I know. And the fact that both the husband and I are on the Public Service Loan Forgiveness Program doesn’t make a lick of difference either. It’s just the rule.

So between the husband and I we had too many student loans to qualify for either the USDA or FHA loans because of this policy. It made our monthly debt burden look too high. This meant that our only remaining option was the conventional loan, because they are only interested in the actual  payments being made. However, our credit scores put the interest rate and mortgage insurance so high that while we would have enough money for the down payment and closing, we would never be able to afford the monthly payment.

This was the point at which both the lender and the realtor we have been working with started talking about “starter homes” and how, if we were willing to spend a little less money now on a smaller house, we could build up equity and then move into a bigger house later.

Now look. I was born in the late morning but it wasn’t this morning. I’m not going to give up renting a house that has most of the things I want to move into a smaller house with only some of the things I want PLUS I have to take on the financial responsibility of fixing whatever might be wrong with it either at purchase or that will happen along the way, only to sell it years later to get the actual house that I want. Our financial situation is barely stable enough to buy the house we actually want. Thinking that we would be able to save and avoid disaster buying something we don’t really want is laughable.

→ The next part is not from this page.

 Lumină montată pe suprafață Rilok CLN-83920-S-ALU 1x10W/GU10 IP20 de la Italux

It’s a recipe for disaster. I appreciate these ladies doing their job, but I know what we’re capable of and rushing into a HUGE financial obligation just for the sake of owning a home to say we own a home ain’t it.

We’re going to have to hold off on buying a home for now. The husband’s parents told us to use the money for paying off credit cards and adding to savings instead, and so I paid off 3 full balances this week with a 4th soon to follow. We’re going to continue renting, probably where we are now to avoid the hassle of moving. I think we’ll give it two or three more years and then reassess where we are and where the local real estate market is.

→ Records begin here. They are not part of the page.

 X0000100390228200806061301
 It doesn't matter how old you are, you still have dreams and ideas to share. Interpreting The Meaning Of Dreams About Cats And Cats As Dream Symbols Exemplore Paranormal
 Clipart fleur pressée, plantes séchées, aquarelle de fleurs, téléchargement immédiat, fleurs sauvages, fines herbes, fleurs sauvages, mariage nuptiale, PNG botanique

The lesson I will continue to shout to the rooftops is that renting is not throwing your money away. It is stability. You are paying for a place to live. You are paying for someone else to fix the things for you.  If you don’t like your neighbors you can move. There are plenty of benefits to renting instead of buying, especially renting houses, so don’t let anyone, especially GenXers or Baby Boomers, bully you into buying a house when you are not ready. You are smart, you have a wealth of information available to you, and only you know whether you are financially ready to handle a responsibility as large as owning a home. Don’t get pressured. Do what’s right for you.

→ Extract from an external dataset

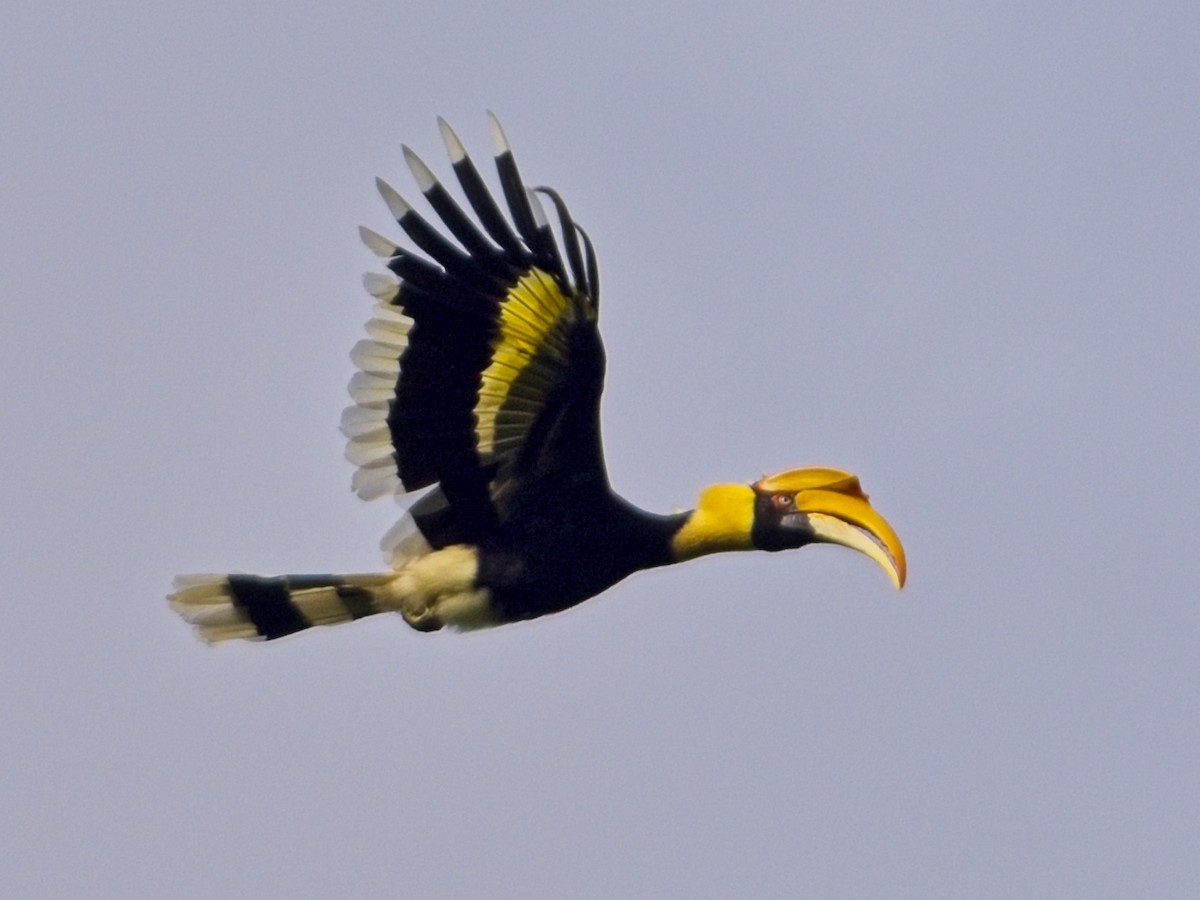 Cálao Bicorne - ML637731883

Postscript: Let this blog post stand as a response to all the “WHY AREN’T MILLENNIALS BUYING HOMES” think pieces. I have lived in the same home for the last 4 years, I have 14 years of experience in my career. My husband and I make enough money to, theoretically, be able to do this. You want me to buy a home right fucking now? DEMAND STUDENT LOAN RELIEF OR FORGIVENESS NOW.

Have a great weekend!

One thought on “Open House

  1. Oh, this is heartbreakingly true; a recent book that covers this very well is “Squeezed: Why Our Families Can’t Afford America” by Alissa Quart; highly recommended.